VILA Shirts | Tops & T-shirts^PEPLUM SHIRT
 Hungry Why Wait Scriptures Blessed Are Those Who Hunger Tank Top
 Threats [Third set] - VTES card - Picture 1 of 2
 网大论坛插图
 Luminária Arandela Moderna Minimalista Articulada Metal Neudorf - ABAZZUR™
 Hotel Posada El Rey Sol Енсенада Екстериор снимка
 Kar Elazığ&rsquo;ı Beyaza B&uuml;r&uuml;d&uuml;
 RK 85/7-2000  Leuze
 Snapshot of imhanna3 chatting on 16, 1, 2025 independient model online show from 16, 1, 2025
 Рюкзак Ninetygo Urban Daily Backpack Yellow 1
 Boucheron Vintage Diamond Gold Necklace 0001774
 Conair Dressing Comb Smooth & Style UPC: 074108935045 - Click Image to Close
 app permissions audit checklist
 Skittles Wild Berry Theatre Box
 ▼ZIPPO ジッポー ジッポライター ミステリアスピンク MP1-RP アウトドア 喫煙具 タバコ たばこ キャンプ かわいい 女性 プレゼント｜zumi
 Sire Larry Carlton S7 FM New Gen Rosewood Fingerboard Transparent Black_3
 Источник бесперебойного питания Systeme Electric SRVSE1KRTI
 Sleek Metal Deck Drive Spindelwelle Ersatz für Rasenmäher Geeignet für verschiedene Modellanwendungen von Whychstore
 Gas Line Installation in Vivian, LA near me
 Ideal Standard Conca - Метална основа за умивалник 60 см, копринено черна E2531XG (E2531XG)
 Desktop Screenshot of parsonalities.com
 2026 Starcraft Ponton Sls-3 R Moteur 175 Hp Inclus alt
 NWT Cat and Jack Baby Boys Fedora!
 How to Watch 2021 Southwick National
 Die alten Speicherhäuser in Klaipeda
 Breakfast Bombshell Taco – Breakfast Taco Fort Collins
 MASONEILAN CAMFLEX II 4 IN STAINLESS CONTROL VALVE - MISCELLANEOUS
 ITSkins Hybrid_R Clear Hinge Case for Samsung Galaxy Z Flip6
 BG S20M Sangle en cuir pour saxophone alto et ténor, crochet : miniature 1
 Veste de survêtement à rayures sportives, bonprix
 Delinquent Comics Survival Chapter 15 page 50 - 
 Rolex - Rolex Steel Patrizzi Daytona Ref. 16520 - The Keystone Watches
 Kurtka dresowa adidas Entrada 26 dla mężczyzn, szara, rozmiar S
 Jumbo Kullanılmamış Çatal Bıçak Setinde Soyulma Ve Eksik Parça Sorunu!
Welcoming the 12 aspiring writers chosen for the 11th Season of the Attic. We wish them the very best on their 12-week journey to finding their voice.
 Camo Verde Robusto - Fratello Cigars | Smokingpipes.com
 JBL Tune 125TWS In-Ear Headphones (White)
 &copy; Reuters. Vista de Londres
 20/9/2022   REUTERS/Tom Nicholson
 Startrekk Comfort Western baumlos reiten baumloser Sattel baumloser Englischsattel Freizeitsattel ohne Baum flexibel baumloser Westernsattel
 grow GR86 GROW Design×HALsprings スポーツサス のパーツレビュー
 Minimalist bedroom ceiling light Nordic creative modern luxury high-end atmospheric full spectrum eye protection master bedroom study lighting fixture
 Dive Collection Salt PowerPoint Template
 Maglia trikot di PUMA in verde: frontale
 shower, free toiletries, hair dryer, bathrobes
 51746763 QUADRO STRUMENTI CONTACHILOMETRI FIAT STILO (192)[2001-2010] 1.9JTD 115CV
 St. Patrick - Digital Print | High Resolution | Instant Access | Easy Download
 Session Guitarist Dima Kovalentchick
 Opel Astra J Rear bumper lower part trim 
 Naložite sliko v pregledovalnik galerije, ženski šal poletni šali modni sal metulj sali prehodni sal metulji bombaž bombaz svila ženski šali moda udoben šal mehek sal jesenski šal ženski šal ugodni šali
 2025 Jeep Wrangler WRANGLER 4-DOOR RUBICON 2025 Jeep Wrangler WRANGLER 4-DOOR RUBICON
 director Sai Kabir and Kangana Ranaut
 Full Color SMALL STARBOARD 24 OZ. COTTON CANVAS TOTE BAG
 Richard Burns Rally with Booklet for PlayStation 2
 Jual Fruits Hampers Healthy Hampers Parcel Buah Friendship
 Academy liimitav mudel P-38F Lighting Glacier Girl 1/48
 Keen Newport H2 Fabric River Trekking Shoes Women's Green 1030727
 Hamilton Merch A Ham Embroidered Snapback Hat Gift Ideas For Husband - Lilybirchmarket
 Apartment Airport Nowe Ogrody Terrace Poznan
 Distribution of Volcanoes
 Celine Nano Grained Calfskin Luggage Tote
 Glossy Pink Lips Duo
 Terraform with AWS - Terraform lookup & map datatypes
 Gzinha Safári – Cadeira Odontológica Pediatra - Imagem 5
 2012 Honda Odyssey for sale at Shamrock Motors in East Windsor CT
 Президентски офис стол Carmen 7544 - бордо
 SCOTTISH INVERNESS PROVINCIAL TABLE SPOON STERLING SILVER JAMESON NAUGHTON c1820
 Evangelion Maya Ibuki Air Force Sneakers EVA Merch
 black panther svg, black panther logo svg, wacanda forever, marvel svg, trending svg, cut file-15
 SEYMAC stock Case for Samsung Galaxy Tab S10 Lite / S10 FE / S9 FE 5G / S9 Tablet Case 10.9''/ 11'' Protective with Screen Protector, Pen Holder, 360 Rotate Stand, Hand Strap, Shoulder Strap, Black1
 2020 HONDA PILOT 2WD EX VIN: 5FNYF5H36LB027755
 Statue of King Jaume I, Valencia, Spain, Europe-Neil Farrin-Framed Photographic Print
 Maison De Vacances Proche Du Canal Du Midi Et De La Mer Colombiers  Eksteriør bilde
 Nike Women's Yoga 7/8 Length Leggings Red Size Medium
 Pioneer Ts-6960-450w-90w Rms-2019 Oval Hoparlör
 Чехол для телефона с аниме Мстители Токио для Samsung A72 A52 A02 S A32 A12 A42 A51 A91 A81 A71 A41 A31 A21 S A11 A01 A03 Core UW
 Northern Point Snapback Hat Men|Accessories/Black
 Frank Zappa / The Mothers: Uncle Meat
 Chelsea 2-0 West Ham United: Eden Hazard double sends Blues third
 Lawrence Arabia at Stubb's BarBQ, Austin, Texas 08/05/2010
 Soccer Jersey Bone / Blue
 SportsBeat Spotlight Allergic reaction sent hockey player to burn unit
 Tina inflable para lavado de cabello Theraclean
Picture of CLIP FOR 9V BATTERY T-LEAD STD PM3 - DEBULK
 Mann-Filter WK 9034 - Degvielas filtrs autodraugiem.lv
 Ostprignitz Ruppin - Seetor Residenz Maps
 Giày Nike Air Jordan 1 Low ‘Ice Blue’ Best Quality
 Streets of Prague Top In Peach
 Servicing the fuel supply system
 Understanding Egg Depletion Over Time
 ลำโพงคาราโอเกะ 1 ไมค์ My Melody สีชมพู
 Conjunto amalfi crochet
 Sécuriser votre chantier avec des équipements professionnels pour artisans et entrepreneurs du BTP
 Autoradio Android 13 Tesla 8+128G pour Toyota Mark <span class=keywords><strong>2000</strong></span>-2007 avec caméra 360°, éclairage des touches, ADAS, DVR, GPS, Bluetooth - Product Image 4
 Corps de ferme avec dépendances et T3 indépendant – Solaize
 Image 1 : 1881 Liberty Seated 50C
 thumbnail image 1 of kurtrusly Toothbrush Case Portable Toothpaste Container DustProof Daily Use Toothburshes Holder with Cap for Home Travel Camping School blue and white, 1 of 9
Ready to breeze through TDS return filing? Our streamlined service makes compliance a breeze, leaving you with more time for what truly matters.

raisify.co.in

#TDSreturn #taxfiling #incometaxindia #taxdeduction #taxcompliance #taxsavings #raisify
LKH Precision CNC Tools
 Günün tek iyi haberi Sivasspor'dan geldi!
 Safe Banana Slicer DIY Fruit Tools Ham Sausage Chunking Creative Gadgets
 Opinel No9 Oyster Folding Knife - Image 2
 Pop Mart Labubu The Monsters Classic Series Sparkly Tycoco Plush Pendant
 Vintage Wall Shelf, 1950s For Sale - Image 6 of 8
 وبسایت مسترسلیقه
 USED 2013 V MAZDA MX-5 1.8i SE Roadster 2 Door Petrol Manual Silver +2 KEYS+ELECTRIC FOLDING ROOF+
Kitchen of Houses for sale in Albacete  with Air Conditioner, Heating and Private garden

YOUR GOAL
Return the lines exactly as they stand, please. Start at the top of the material and finish with the line where "Boucheron Vintage Diamond" appears.

SOLVED EXERCISE
VILA Shirts | Tops & T-shirts^PEPLUM SHIRT
 Hungry Why Wait Scriptures Blessed Are Those Who Hunger Tank Top
 Threats [Third set] - VTES card - Picture 1 of 2
 网大论坛插图
 Luminária Arandela Moderna Minimalista Articulada Metal Neudorf - ABAZZUR™
 Hotel Posada El Rey Sol Енсенада Екстериор снимка
 Kar Elazığ&rsquo;ı Beyaza B&uuml;r&uuml;d&uuml;
 RK 85/7-2000  Leuze
 Snapshot of imhanna3 chatting on 16, 1, 2025 independient model online show from 16, 1, 2025
 Рюкзак Ninetygo Urban Daily Backpack Yellow 1
 Boucheron Vintage Diamond Gold Necklace 0001774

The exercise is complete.